Hillary Clinton was solid and, well, competent. Clinton’s observation that Petraeus’s cautious, guarded, and almost defensive report of progress required a “willful suspension of disbelief” was the closest to confrontation that the day came.

Within the narrow range the candidates allowed themselves, Barack Obama provided the shock of recognition. Obama’s exchange with Petraeus crystallized the futility that is Iraq.
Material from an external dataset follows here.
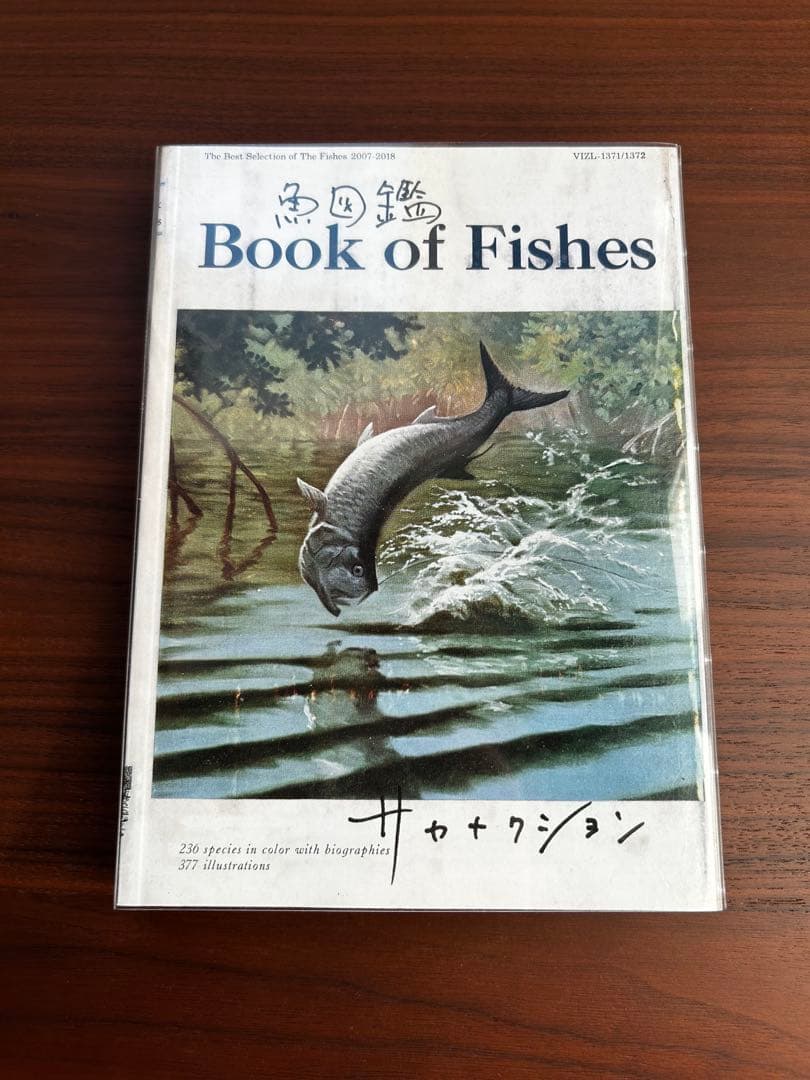 サカナクション — 魚図鑑（DVD付 初回生産限定盤）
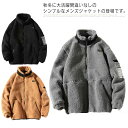 ジャケット メンズ ジャンパー ボアジャケット 厚手 ボアコート アウター もこもこ ゆったり 防寒 ボアブルゾン パーカー 秋冬服 もこもこ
Obama talked about the “endpoint” and asked how America could define “success,” which, in the managerial idiom of the modern military, is what was once known as victory.

Neither Petraeus nor his diplomatic sidekick, Ambassador Ryan Crocker, could provide a soothing, let alone acceptable, answer.

Even under different circumstances, the concept of victory in a limited war such as Iraq would be elusive; the realities of time and place resist (perhaps subvert) popular conceptions of even tragic heroism.

The United States, for all its power and might, is a captive nation, a prisoner of a weak and unreliable Iraqi government and unpredictable Iraqi insurgents.

Those insurgents, of course, not only oppose the central government, but constitute warring factions in a once-boiling civil war that has now been reduced to a constant simmer, subject to occasional flare-ups.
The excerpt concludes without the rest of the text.